Plan now for summer gardens. With the ice and snow comes the "winter gardening doldrums," and the best I can hope for out of my garden is an honorary mention for "Best Dried Arrangement." This downtime, however, is an opportunity to plan. The more prepared we are now allows us to maximize our time and effort when spring comes.
The garden in winter holds its own beauty. Snow-covered trees and bushes; evergreen branches silhouetted against the blue sky; dark, dried flower seed heads standing tall out of the snow and hardscape still add contour to the yard. Our view now should please us, and if not, this may need to be part of our changes for next year.
Many a great plan has been made on the back of a napkin. You need not be a master artist. Make simple sketches showing the major features: house, fence lines, street, sidewalks and mature trees. Add in existing gardens as you are planning, but do not get hung up on their current shape or location. Leave what you like; change the rest. Digital cameras are wonderful. The picture easily can be sized, cropped, rotated and printed off any number of simple-to-use programs. Printing on paper or simple tracings facilitates the use of colored pencils to add or remove features.
Spring garden flower and vegetable catalogs are arriving. This may set off a massive case of spring fever. The pictures they show will be one in a thousand, and the descriptions make for heightened interest. Buyers beware: The best catalogs will include the picture, common name, scientific name, sun requirements, hardiness zone and mature size. Vegetable sources also may include yield. These catalogs help us visualize our plan.
The catalogs and magazines are sent nationwide, and many plants do not lend themselves to our high plains growing conditions, even if we meet the other stated requirements. Kansas State University has research-based information on flowers that grow well in Kansas. This is available at www.oznet.ksu.edu. Follow the lawn and garden and horticultural information center links to identify prairie star and pride of Kansas flowers. A vegetable garden guide is available as well.
Unless you are after a very specific cultivar or heirloom variety, it is best to source your purchases locally. You can see what you are buying and get what you paid for. The local centers, too, will carry the plants suited to the area and have firsthand knowledge of their success and potential. Local or catalog, seeds also will be available. Certainly less expensive, they do require supplies, space, lighting, timing and patience. Seeds come with no guarantee.
Do not hurry. The average last frost date in Kansas is April 10. We will not be 95 percent frost-free until May 2. The garden centers will have plants out well before this time, and temptation will be high. Use the warmer wait time to prepare the newly planned areas. Eastern Kansas has a 180-day growing season with only 100 days adapted to warm-season crops. Any vegetable variety with a season length of more than 90 days is questionable.

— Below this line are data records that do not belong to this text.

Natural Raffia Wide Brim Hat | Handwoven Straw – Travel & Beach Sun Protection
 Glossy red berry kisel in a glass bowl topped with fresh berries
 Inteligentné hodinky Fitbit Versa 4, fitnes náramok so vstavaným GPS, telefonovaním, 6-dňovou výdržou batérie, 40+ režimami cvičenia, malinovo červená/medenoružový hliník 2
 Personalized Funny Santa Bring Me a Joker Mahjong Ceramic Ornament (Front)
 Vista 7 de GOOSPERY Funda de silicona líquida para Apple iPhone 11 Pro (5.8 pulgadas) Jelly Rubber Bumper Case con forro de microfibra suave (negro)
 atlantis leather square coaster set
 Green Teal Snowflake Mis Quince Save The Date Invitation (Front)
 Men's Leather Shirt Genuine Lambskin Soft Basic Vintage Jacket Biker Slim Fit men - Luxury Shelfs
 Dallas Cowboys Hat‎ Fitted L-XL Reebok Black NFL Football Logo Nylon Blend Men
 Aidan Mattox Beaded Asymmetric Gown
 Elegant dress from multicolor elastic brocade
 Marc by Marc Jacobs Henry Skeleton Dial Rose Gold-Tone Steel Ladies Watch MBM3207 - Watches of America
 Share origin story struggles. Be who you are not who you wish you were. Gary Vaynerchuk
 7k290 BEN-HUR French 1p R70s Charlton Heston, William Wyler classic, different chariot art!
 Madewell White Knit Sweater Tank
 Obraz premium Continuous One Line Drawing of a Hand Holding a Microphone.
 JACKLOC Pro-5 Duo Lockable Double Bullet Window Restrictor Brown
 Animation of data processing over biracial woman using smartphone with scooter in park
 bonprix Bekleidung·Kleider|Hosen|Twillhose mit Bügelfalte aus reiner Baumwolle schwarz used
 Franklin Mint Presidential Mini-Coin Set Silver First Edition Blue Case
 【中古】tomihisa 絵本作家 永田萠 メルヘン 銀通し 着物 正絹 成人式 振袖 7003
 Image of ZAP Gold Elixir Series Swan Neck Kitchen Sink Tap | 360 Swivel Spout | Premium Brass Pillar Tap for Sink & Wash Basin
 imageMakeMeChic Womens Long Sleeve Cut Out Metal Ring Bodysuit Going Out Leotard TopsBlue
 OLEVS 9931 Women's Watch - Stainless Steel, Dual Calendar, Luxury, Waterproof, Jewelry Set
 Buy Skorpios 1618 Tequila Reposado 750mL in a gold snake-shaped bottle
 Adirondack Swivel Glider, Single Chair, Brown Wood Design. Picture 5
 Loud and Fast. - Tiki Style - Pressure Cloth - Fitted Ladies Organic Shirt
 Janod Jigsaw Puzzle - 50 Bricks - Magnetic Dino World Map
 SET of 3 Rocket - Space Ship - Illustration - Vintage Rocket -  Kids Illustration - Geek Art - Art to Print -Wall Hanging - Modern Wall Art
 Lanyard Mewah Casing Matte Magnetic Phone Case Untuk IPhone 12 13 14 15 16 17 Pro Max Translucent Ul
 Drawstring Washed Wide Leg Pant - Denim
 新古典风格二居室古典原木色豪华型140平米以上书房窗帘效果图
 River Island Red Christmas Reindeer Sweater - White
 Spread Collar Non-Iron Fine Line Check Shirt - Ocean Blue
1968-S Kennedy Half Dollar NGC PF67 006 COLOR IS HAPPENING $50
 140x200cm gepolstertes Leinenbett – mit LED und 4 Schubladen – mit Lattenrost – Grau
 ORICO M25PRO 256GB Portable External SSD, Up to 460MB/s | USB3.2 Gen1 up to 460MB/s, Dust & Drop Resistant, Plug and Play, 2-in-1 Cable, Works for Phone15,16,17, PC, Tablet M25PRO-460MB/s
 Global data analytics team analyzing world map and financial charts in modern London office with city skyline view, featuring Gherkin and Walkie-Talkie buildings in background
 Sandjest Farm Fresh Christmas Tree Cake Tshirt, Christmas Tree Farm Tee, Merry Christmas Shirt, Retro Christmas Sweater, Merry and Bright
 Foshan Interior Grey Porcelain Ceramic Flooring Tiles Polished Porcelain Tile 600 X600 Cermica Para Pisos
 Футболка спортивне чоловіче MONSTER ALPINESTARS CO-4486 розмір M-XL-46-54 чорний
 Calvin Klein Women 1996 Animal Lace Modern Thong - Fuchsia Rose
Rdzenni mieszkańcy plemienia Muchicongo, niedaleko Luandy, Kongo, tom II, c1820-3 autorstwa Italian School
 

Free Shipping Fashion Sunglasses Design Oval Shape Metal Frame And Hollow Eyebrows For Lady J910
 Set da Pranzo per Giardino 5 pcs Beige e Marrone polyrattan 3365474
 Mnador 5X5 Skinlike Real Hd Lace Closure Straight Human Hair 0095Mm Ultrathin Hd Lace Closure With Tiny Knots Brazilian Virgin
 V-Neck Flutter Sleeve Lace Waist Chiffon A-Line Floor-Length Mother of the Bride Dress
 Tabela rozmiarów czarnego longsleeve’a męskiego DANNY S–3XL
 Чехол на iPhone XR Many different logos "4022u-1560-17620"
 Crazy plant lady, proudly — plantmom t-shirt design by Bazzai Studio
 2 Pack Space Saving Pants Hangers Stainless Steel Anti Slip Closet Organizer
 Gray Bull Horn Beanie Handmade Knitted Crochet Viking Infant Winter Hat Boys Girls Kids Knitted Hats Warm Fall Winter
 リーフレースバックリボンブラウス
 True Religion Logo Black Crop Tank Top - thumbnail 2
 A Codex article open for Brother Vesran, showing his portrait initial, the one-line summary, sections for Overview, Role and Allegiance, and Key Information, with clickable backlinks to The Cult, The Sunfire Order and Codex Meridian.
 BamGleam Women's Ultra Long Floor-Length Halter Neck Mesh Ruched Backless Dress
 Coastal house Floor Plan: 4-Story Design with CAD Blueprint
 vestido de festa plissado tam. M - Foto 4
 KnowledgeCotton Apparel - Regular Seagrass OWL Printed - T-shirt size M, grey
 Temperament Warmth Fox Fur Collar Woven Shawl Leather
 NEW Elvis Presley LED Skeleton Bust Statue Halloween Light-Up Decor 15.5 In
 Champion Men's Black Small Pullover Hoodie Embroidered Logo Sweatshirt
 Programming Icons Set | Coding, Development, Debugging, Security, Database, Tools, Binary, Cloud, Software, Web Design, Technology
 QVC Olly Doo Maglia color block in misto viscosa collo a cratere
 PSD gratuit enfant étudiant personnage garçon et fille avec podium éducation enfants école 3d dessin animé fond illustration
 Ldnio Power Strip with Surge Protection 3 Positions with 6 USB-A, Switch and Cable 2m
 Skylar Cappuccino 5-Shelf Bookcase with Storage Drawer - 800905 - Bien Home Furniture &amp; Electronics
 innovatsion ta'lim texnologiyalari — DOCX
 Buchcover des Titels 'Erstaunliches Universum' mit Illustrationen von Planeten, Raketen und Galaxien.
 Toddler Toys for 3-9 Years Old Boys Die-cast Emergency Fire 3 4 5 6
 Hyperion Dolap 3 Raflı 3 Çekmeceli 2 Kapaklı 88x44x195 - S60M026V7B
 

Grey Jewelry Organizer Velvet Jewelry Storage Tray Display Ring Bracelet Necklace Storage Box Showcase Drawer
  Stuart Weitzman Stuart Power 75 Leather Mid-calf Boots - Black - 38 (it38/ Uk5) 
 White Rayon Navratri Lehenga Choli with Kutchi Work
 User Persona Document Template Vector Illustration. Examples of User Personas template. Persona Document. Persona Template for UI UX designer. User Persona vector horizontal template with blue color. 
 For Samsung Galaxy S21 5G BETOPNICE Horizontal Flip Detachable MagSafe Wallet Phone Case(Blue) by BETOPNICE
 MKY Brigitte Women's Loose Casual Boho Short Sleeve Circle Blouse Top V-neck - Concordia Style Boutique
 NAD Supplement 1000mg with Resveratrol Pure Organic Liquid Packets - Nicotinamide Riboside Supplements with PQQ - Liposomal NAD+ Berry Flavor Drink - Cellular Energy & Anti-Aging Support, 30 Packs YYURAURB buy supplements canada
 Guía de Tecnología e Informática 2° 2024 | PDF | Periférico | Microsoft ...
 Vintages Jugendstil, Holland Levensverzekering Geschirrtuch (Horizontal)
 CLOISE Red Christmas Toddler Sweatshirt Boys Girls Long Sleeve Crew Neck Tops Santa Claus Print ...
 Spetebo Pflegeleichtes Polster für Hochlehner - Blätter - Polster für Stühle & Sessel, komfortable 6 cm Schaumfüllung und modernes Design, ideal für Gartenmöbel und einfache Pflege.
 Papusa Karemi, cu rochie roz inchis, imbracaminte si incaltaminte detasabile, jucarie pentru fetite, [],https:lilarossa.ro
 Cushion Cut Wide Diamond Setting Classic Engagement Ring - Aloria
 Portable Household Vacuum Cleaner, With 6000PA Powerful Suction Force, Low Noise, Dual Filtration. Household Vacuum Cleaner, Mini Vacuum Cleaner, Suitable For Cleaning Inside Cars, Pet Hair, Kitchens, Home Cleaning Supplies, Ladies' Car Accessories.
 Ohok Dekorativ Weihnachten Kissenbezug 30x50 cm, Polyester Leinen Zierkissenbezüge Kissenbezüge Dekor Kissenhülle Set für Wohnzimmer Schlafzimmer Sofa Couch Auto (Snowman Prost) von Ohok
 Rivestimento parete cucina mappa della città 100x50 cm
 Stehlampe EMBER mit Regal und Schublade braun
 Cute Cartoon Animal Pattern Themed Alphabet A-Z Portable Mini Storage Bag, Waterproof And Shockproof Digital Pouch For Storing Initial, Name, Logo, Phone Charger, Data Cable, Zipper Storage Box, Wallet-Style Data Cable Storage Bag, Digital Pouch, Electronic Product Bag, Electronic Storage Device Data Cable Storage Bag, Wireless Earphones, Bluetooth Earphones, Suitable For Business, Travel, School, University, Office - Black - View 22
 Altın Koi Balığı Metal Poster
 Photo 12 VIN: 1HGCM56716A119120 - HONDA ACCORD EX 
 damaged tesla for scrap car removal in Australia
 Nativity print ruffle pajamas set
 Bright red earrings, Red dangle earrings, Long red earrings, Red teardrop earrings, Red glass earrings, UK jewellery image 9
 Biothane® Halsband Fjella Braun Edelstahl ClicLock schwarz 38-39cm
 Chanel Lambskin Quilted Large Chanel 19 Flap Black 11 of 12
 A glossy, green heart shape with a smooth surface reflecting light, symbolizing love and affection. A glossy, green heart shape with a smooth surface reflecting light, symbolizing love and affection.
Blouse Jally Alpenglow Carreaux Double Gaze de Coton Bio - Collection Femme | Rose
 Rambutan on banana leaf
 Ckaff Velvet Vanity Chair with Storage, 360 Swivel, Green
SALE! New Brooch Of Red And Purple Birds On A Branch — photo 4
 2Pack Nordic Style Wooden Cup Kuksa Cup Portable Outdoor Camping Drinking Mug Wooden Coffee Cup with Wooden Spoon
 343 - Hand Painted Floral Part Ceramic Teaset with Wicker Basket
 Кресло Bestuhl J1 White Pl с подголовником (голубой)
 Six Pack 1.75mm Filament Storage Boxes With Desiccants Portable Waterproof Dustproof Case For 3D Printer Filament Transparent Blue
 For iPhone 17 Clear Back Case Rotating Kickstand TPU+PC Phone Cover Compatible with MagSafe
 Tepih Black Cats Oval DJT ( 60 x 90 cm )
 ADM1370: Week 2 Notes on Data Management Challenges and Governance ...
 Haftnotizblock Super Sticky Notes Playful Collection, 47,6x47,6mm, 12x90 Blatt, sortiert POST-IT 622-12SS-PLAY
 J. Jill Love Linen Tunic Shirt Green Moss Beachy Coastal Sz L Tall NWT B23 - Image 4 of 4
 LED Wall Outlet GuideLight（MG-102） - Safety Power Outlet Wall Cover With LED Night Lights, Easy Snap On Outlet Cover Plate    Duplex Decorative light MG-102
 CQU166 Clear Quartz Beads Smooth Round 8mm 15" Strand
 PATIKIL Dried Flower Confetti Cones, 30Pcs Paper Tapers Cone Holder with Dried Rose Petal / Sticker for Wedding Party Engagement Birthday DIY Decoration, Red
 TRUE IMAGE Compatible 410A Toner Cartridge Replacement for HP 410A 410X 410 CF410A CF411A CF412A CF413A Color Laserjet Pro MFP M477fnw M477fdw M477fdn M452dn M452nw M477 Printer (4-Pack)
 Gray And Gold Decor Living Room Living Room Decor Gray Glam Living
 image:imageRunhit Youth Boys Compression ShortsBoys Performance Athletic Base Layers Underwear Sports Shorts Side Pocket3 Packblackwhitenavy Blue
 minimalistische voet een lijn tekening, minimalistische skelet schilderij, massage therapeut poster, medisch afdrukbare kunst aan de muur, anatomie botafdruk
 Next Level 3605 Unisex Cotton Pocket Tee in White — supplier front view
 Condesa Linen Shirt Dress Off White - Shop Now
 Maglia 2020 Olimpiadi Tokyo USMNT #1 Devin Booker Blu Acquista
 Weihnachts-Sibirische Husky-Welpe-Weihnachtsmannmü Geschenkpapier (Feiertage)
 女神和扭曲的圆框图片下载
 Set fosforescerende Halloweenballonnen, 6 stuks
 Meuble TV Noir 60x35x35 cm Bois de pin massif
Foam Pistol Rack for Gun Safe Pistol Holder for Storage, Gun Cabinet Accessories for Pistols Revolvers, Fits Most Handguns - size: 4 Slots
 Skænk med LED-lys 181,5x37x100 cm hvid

Andrea Zuercher, Extension Master Gardener volunteer, reminds me that you can plant flowers and vegetables side by side. She found a Salina couple who were first to install an "edible estate," replacing their whole yard, turf grass and all, with a garden that produced vegetables, fruit and berries. Strawberries make a good ground cover, carrots provide a light fern texture, and radishes and lettuce will be up well before the flowers.
Get out your notepads, snap some photos, peruse those catalogs, and make your plans. Now is the time to start.